### GIVEN MATERIAL

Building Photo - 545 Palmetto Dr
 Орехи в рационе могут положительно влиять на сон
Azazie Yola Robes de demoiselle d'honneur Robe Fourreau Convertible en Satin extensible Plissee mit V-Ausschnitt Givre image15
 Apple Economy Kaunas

### ACTIVITY
Return all of the data above, keeping every line exactly as it appears.

### EXPECTED ANSWER
Building Photo - 545 Palmetto Dr
 Орехи в рационе могут положительно влиять на сон
Azazie Yola Robes de demoiselle d'honneur Robe Fourreau Convertible en Satin extensible Plissee mit V-Ausschnitt Givre image15
 Apple Economy Kaunas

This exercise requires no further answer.